Loin du paradis
Après Mud et Midnight Special, Jeff Nichols retrouve le road movie et l’éternelle Amérique qui irrigue tous ses films, tout en s’essayant à un nouveau genre : le biopic, ou l’histoire vraie de Richard et Mildred Loving, couple mixte longtemps interdit dans l’Amérique raciste d’après- guerre, jusqu’à ce qu’un arrêt de la Cour suprême en 1967 – portant leur nom – autorise enfin le mariage en noir et blanc. Comment filmer un amour au quotidien dans une société hostile ? De ce point de vue là, Loving sonne comme le pendant hétérosexuel du sublime Carol de Todd Haynes, filmant au même moment l’amour entre deux femmes.

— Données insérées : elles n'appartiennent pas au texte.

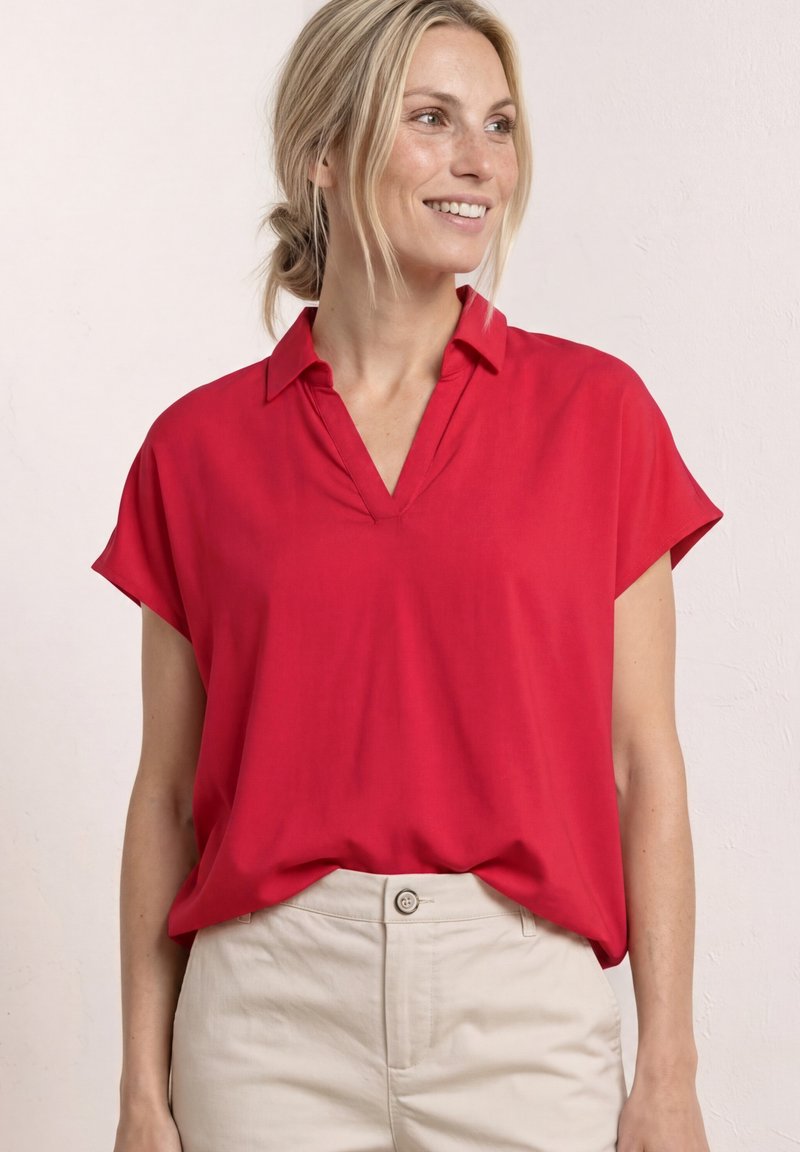 Femme blonde souriante, portant un chemisier rouge ample à manches courtes avec un col en V et un pantalon taille haute beige clair.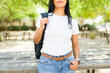 Young latina woman wearing a plain white t-shirt suitable for mockups, stands outdoors casually holding her shoulder bag strap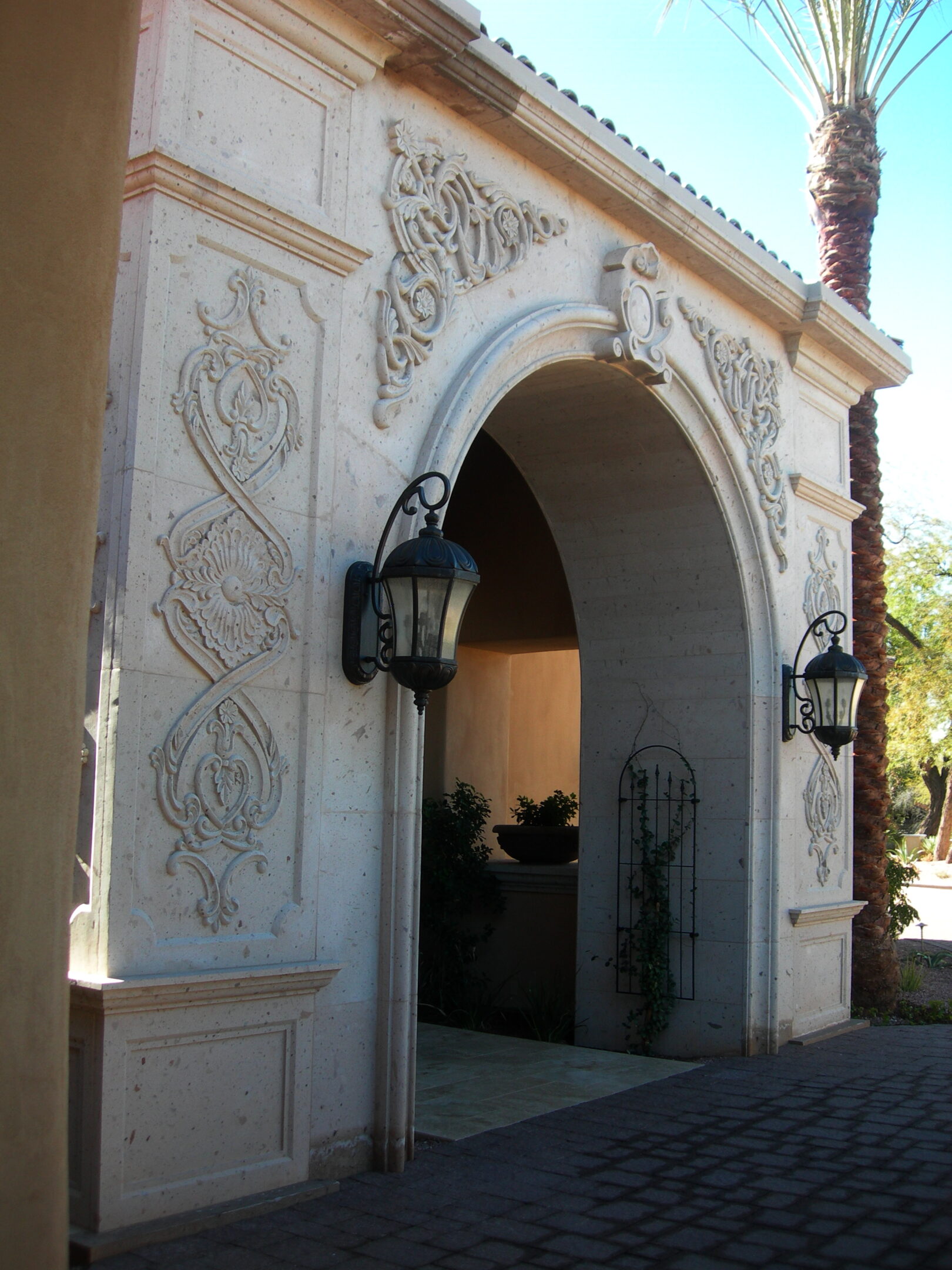 A white archway with an ornate design on it.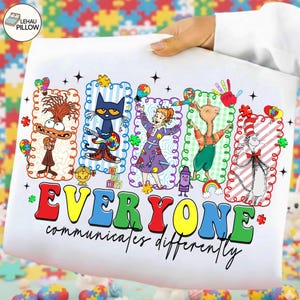 以下が含まれることがあります： カラフルな漫画のキャラクターと「EVERYONE communicates differently」の文字がプリントされた白い枕カバー。ピート・ザ・キャット、キャット・イン・ザ・ハットなどのキャラクターと、パズルピースや虹のアクセントがデザインされています。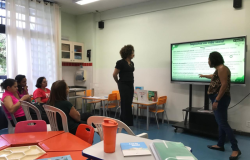 #paratodosverem: na foto, há quatro mulheres, à esquerda, sentadas em cadeiras plásticas brancas, enquanto duas estão de pé, à frente da sala. Uma destas aponta para uma tela interativa onde está sendo exibido um slide intitulado "Impactos na vida social". A sala tem paredes e cortinas brancas, armários com portas de vidro, além de mesas e cadeiras nas cores laranja, azul e vermelha.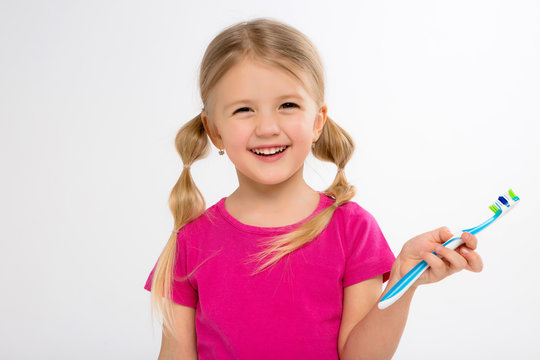 Happy little girl standing with toothbrush isolated on white.little child brush his teeth.Cute little girl is brushing teeth with a smile.dental hygiene. happy little girl brushing her tooth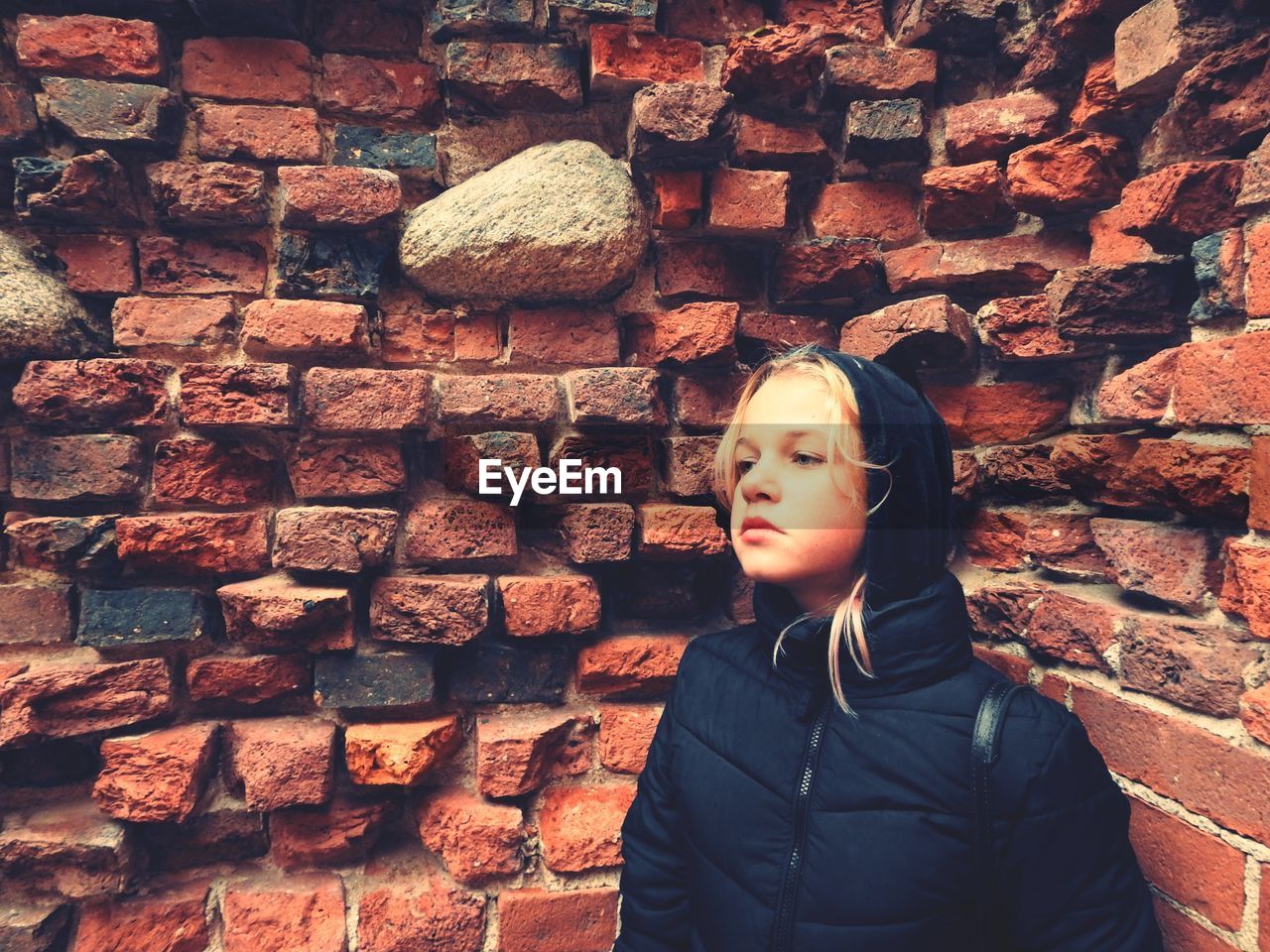 Girl looking away against brick wall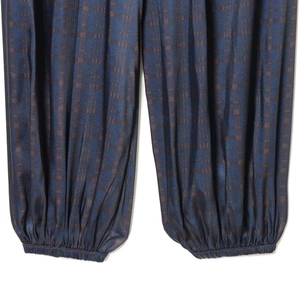Dark blue jacquard loose lantern pants featuring elastic cuffs and retro check pattern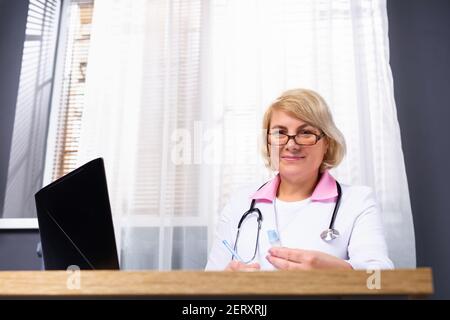 Portrait d'une femme médecin dans une robe médicale et des lunettes assis à la table, il utilise un ordinateur portable tout en consultant un patient. Banque D'Images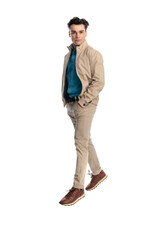 Naklejka premium confident casual man in beige jacket walking with hands in pockets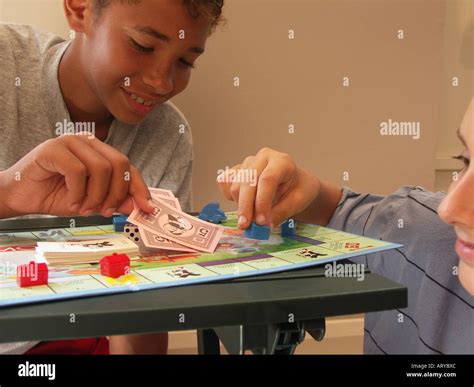 Young Boys Playing Board Game Stock Photo Alamy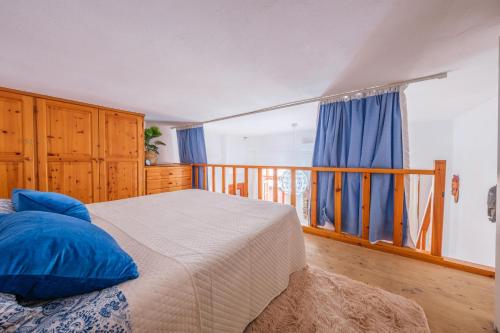 a bedroom with a bed with blue pillows and a balcony at Cafio's house in Lipari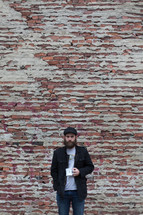 Bearded man with a cup of coffee standing in front of a brick wall.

Blind Loving Ici, Jeff Nichols fait contraster le quotidien de l’amour le plus banal avec la violence raciste institutionnalisée. Face à l’amour paisible de Mildred et Richard, les mots de la loi les condamnant résonnent comme autant de scandales. C’est tout l’enjeu du film : épousant la passivité et l’obstination de Mildred et Richard, son point de vue politique est contenu dans sa mise en scène, évitant tout discours moralisateur. Le racisme naît sans cesse du regard des autres qu’il filme on ne peut plus délicatement : cette complicité de la majorité silencieuse, noire ou blanche, qui ne veut « pas d’histoires » et qui plonge comme toujours chez Nichols ses héros dans une course clandestine guettée peu à peu par la paranoïa. Humble narrateur, Nichols désacralise totalement le film de droit et de justice pour rester avec ses amants taiseux dans des couleurs d’automne sublimes.